Une autre flottille humanitaire est sur le point de prendre la mer en route pour Gaza. Malgré l’abstention turque, Free Gaza Movement a réitéré sa détermination. Si l’annonce du gouvernement israélien ne change pas d’un iota de la position prise lors de l’été dernier, et utilise une propagande quelque peu vulgaire (les mots hatred flottilla semble vraiment hors de propos) ; la société israélienne est plus divisée sur la question. On en parle d’ailleurs davantage que dans l’hexagone: un article dans les principaux sites médiatiques israéliens sur le sujet recueille au bas mot une cinquantaine de commentaires et opinions, dont de nombreuses critiques à l’encontre du blocus économique, alors que l'unique article du Monde faisant état de la volonté israélienne d'intercepter la flotte n'a donné lieu qu'à trois pauvres remarques, béotiennes et antisémites. Alors certes, cela concerne Israël au premier chef, mais lors du drame de 2010, les Français se sont soudain passionnés pour l’affaire, en condamnant virulemment Israël. Un peu facile de s’intéresser à un sujet seulement après son dénouement sanglant. Ce post a donc pour principale but de lancer quelques pistes à une réflexion ex-ante quant à la légitimité et les objectifs des deux bords.
Dois-t-on considérer que les objectifs de l’expédition sont humanitaires ou politiques et médiatiques ? Ne nous y trompons pas : la flottille a pour but de dénoncer le blocus et d’attirer dessus le regard de la communauté internationale. Comme me l’a confié Gideon Levy (journaliste et pourfendeur de la politique israélienne à l’égard des palestiniens depuis de nombreux années), la portée humanitaire est symbolique. Pour autant, le but paraît légitime, pour ceux qui considère le blocus comme illégal et inacceptable. On s’explique alors pourquoi les activistes refusent de laisser contrôler leur cargaison par les IDF: ceci reviendrait à reconnaître un droit de regard, et donc de blocus, à Israël : précisément ce droit pris de force que les activistes cherchent à dénoncer. Une autre conséquence directe et - presque- paradoxale : les activistes ont intérêt à se voir stopper par Israël, et si possible avec violence et affrontements, puisque c’est là le meilleur moyen de faire parler d’eux, et de rallier à leur cause gouvernements et citoyens du monde.
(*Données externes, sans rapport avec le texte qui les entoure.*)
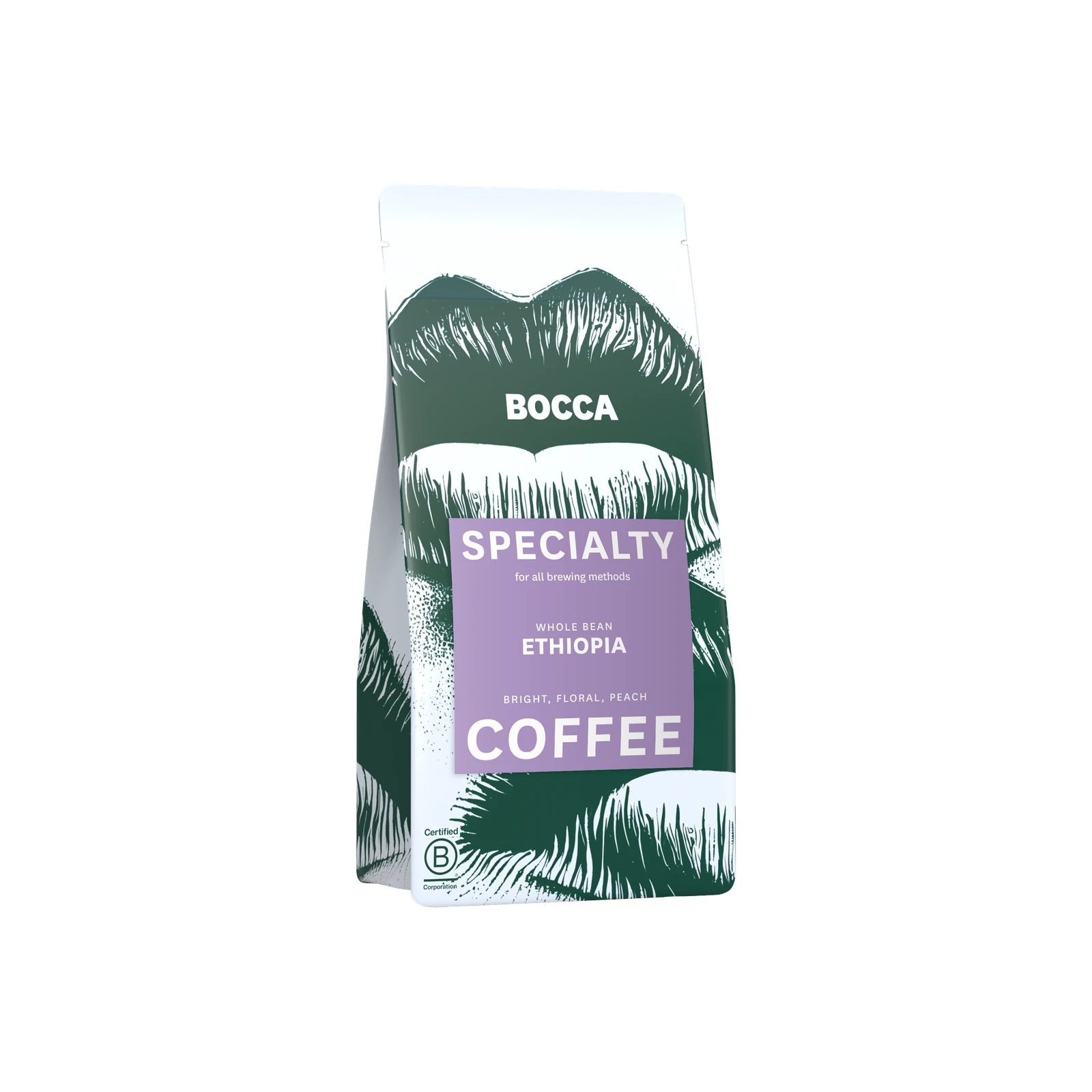 Ethiopia - Coffee Beans by Bocca Coffee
Pourquoi, peut-on se demander alors, Israël s’obstine à les arrêter ? Selon Gideon Levy, rien ne le justifie. Israël n’a ni droit, ni intérêt à stopper une flottille, qui arrivée à Gaza, ne ferait plus parler d’elle. On peut cependant être sceptique devant un tel argument: une flottille passée serait une reconnaissance implicite par Israël de l’iniquité de son blocus et aurait peut-être pour conséquence une multiplication de tentatives de convois vers Gaza. Je ne discute pas ici de la légitimité ou de l’efficacité du blocus. La discussion est complexe et fera peut-être l’objet d’un prochain post. Loin d’être son défenseur, je pense cependant que restant aujourd’hui la politique d’Israël, la marge de manœuvre est réduite : une intervention a des conséquences négatives sur ce que pensent ses amis, une non-intervention aurait des conséquences dangereuses sur ce que pensent ses ennemis. Le "moins pire" est clairement la première option.
Ma conclusion est donc la suivante : 1. Cette expédition a un but médiatique et non humanitaire, qui du reste est nécessaire. 2. Israël n’a que peu d’option et se prêtera, à tord ou à raison, une nouvelle fois et pour le pire, à la provocation des activistes. Le désagrément causé par l’opprobre international pèse moins lourd dans la balance du gouvernement israélien que la peur de paraître aux yeux de son peuple et de ses ennemis, un pouvoir faible et malléable. 3. D’où ma question: pourquoi attendre d’éventuels nouveaux morts ou des blessés pour parler de Gaza, et dénoncer le blocus ? Les vrais amis d’Israël et des palestiniens, gouvernement, ONG ou société, ne devraient pas attendre un nouvel affrontement, et prendre les devant en France et ailleurs, pour exercer une véritable pression politique sur Israël et lui faire reconnaître l’inutilité et la cruauté du blocus économique, ce qui du même coup, rendrait obsolète une telle provocation. Oui mais voilà, il est à croire que seul le sang versé appelle à verser l’encre. Triste état des choses dans notre monde-spectacle gavé de violence.